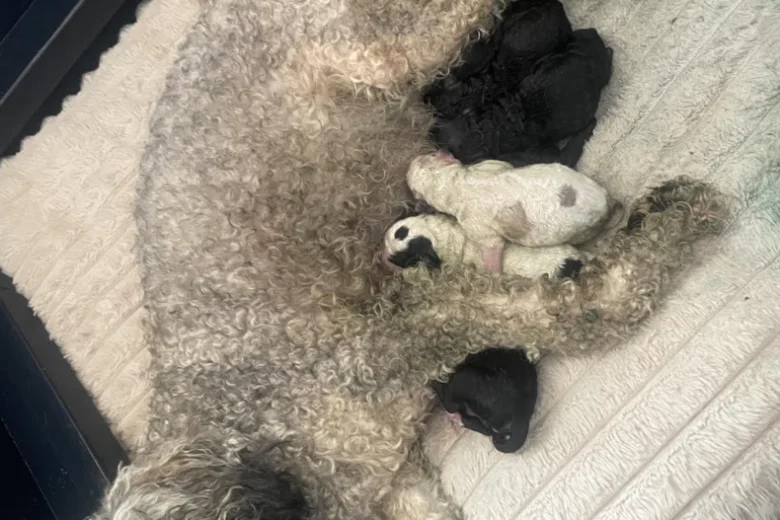 Poodle
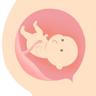 孕早期前置胎盘是怎么造成的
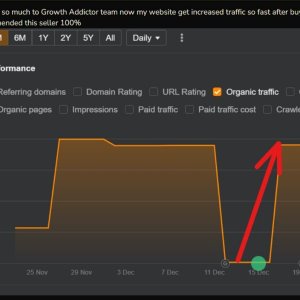 casino review.jpg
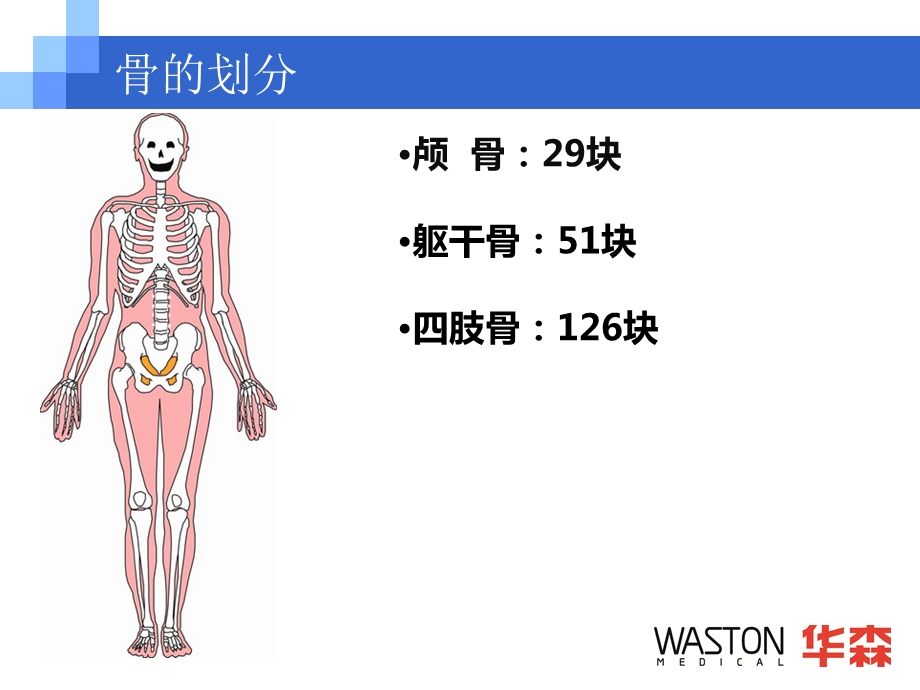 华森普通板操作ppt课件.ppt_第3页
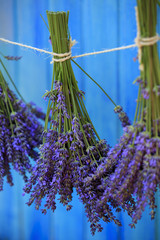 Lavender herbs drying in the garden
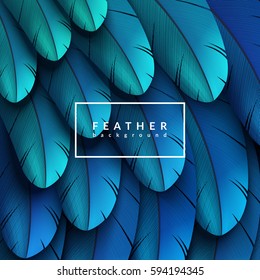 Blue feathers background. Eps10 vector illustration.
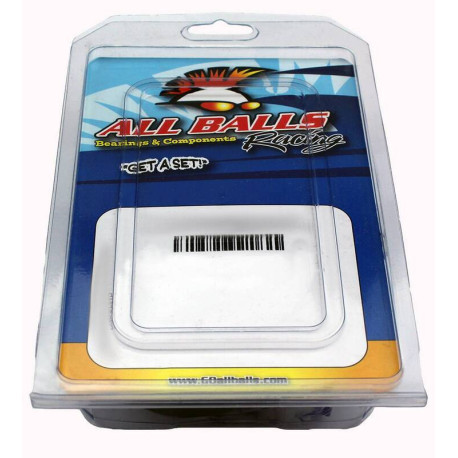 Kit réparation étrier de frein ARRIERE.. ALL BALLS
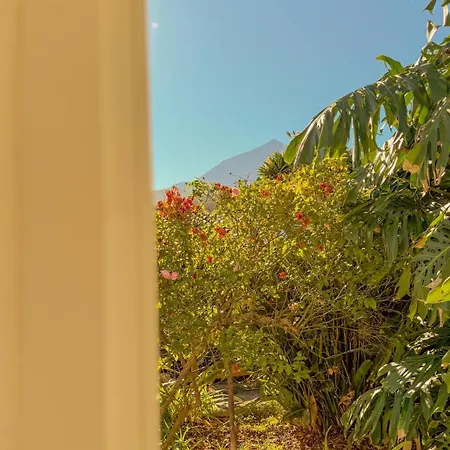 بيت للعطل La Paredita Casa Acentejo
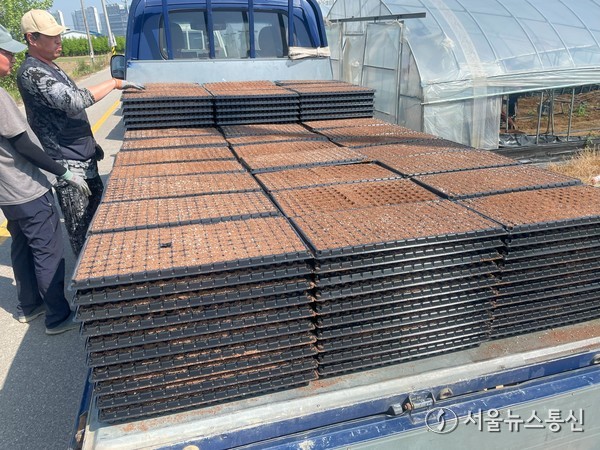 청주시 재배기술 지원으로 오송읍 대파 농가 ‘풍년’ 사진(제공=청주시) *재판매 및 DB 금지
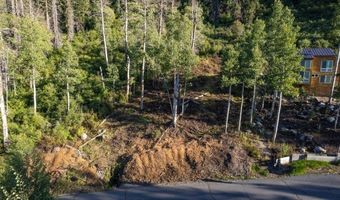 1037 Snow Crest Rd, Alpine Meadows, CA 96146
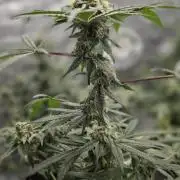 Tropicana Cookies Purple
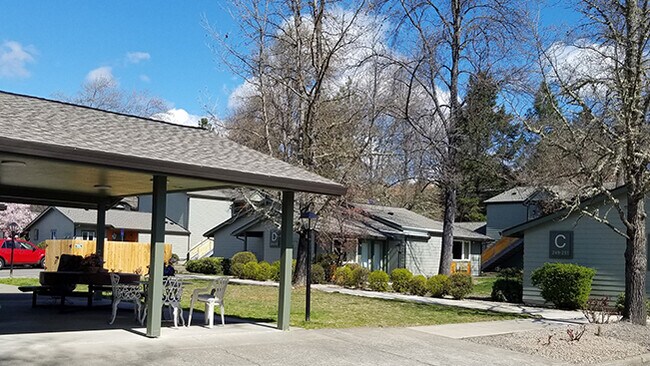 Z_Woodville Village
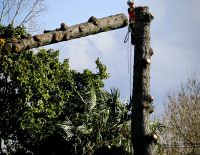 Pine x2 Dismantle, photos by Warren Buckland HB Today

● Work to be completed:
Exact repetition required: repeat the first line of the listing above, the line containing "1037 Snow Crest Rd, Alpine Meadows, CA 96146", and every line between, leaving out pictures.

● Reply:
 Poodle
 孕早期前置胎盘是怎么造成的
 casino review.jpg
 华森普通板操作ppt课件.ppt_第3页
 Lavender herbs drying in the garden
 Blue feathers background. Eps10 vector illustration.
 Kit réparation étrier de frein ARRIERE.. ALL BALLS
 بيت للعطل La Paredita Casa Acentejo
 청주시 재배기술 지원으로 오송읍 대파 농가 ‘풍년’ 사진(제공=청주시) *재판매 및 DB 금지
 1037 Snow Crest Rd, Alpine Meadows, CA 96146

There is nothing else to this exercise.